# Import functions
from pyspark.sql.functions import col, current_timestamp
from pyspark.sql.types import StructType, StructField, StringType, DateType
custom_schema = StructType([
StructField("Date", DateType(), True),
# Add other fields as needed
])
spark.conf.set("spark.databricks.delta.schema.autoMerge.enabled", "true")
# Define variables used in code below
bucket_path = f"s3a://databricks-workspace-olaptrader-stack-1-bucket/unity-catalog/999999xxx/uploads/indicators/neo/"
table_name = "neo.indicators.neo_indicators"
checkpoint_path = "/tmp/_checkpoint/neo_indicators"
# Clear out data from previous demo execution
#spark.sql(f"DROP TABLE IF EXISTS {table_name}")

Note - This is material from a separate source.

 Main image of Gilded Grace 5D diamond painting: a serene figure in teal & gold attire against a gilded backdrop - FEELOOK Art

dbutils.fs.rm(checkpoint_path, True)
# Configure Auto Loader to ingest JSON data to a Delta table
(spark.readStream
.format("cloudFiles")
.option("cloudFiles.format", "csv")
.schema(custom_schema) # Apply custom schema
.option("cloudFiles.schemaLocation", checkpoint_path)
.load(bucket_path)
.select("*", col("_metadata.file_path").alias("source_file"), current_timestamp().alias("processing_time"))
.writeStream
.option("checkpointLocation", checkpoint_path)

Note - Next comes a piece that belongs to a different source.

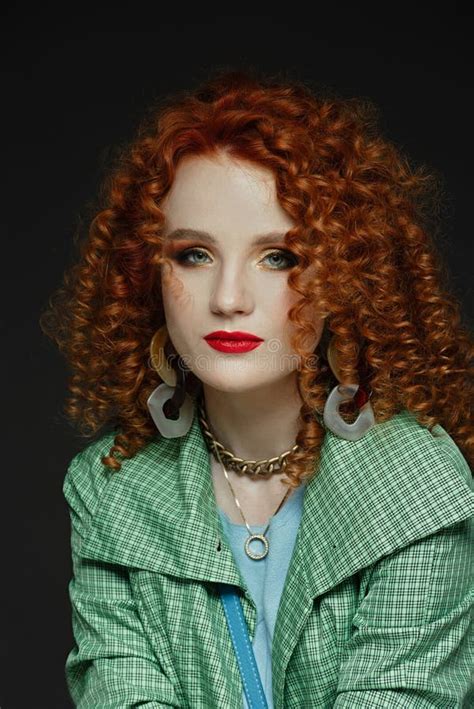Close Up Portrait Of A Girl Curly Red Hair Red Lipstick Calm Look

.option("mergeSchema", "true") # Enable schema migration
#.option("overwriteSchema", "true") # overwrite schema
.format("delta") # Specify Delta format
.trigger(availableNow=True)
.toTable(table_name, mode="append")) #append mode
##########
it works fine if it is exactly as above, however, if I uncomment the line where the table is being dropped, I no longer get any files ingested after I copy them there and run the autoloader.
As I will be ingesting files constantly, I do not want to drop the table and recreate it each time, as it will take longer and longer each time, as more data will be there in the bucket which has to be read and ingested. The reason I have "append" in the code is exactly for this reason.
Thanks